How a Plumbing System Works
Residential plumbing actually consists of two systems: the fresh or potable water and the drainage system, as well as the fixtures and appliances that the systems serve.
There are three possible sources of water: a municipal water works, a spring, and a well. Water that starts its journey to your house in a water works is purified there; it then travels through a series of pipes until it enters a single main service line (usually ¾-inch diameter) into your house. As it enters, it goes through a meter, which records its use.
From there it branches out into a pair of narrow pipes (usually ½-inch diameter) that travel side by side throughout the house and terminate at the appliances or fixtures that use the water. One of the lines is for cold water and one is for hot. The water becomes hot by first being routed through the hot water heater before it begins its journey through the house.
All fresh water travels under pressure, because it is pumped to your home. That's why it gushes out when you turn on a faucet. In a sense, the water is always ready to go—the faucet simply directs the pressure where you need it.
Different names have been given to water pipes. Those that travel vertically at least one floor are called risers. Lines that travel horizontally to fixtures and appliances are called branch lines.

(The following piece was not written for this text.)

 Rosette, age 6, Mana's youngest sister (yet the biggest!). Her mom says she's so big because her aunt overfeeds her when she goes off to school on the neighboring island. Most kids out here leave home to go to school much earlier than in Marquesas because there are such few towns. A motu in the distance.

At various points on the pipes there are valves, which are faucet-like devices for shutting down the water supply to the pipes. This way, when repairs are needed, you don't have to shut down all the water. Valves are on runs to control specific lengths and are usually (or should be) under sinks and toilets: hot and cold valves for the sink, plus one valve for the toilet tank.
Valves are also located at the bottoms of risers; these are used to drain the pipes. Additionally, homes usually have one or two main valves at the water meter. One is called the meter shutoff and is on the street side of the meter; the other is called the main shutoff and is on the house side. Turning either of these valves will stop all water flow to the house.

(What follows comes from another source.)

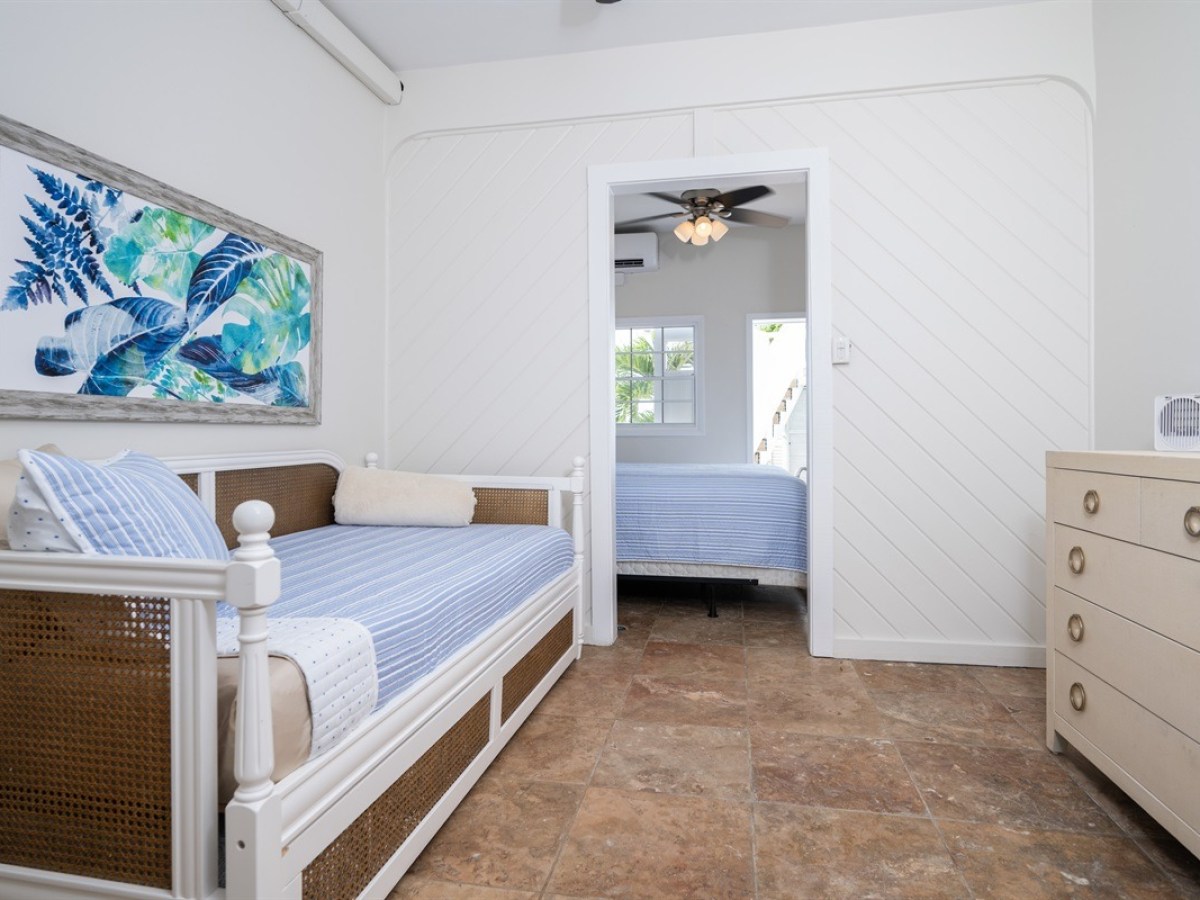 Bedroom with daybed, tropical wall art, dresser, and view into another room with bed.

Every plumbing system should have air chambers (though not all systems do). These are vertical pieces of capped pipe that jut up from water supply pipes at the point where the pipe enters the fixture. In essence, an air chamber is a shock absorber. When the pipes are handling excess water, the excess enters the air chambers; otherwise, the pipes could start vibrating, a malady called waterhammer, and possibly loosen or leak from the shock.
There are three kinds of water-related fixtures in the house: sink, tub, and toilet. Outside faucets, also known as sillcocks, may also be considered fixtures, but they are called, like other faucets, fittings.
Traps are safety devices. They are shaped to trap water (hence their name), and thus they're constantly filled with water so that gases and vermin can't back up into the house through sink or tub drain holes. Sink traps are separate pieces of tubing; toilets are shaped to trap water. In addition there are drum traps for tubs and a trap and fresh air inlet where the soil pipe leaves the building.
The Drainage System
The second part of a plumbing system is the drainage system, technically known as a “DWV” system to describe what it does: It drains away wastes at the same time as it vents them. The DWV system is composed of waste pipes, a soil stack, traps, and vents.
How a DWV system works can be illustrated in the way a sink operates. Waste runs out of the sink to a series of pipes that lead to the waste pipes, usually pipes with a diameter of 1½ or 2 inches, which are sloped to empty into the soil stack. The stack is a large pipe, usually 3 or 4 inches in diameter, that runs from the lowest point in the house to the highest and emerges about 6 inches through the roof. (The stack is affectionately known in the trade as a “stinkpipe.”) In older homes cast iron was commonly used; in newer homes copper and plastic are used. From the stack, the waste goes to the building drain, a horizontal pipe that runs across the house and leads to the sewer line and to the disposal system—sewer, septic tank, or cesspool.
Venting is required to release gases. However, it has another important function: It keeps the air pressure in the system equalized. This prevents water from the drain or waste lines from backing up, by a siphoning action, into the fresh water system.
From Toilet to Stack
Pipes that go from the toilet to the stack are called soil pipes. There are no branch lines here. The soil pipe drains into the soil stack directly. Drain lines only carry sink waste; soil pipes only carry toilet waste. The entire system operates by gravity.
All water fixtures are connected to the soil stack. However, if the distance between fixture and stack is too far, there may be additional stacks. These also are vented. In essence, a stack has two purposes: It functions as a waste line and a vent line. It's a waste line below the fixture and a vent line above.
Cleanout plugs are located at the bottom of each soil stack and wherever the waste pipe changes direction, because that's where blockages often occur. These plugs can be removed and a cleanout tool (snake) inserted for clearing the blockage.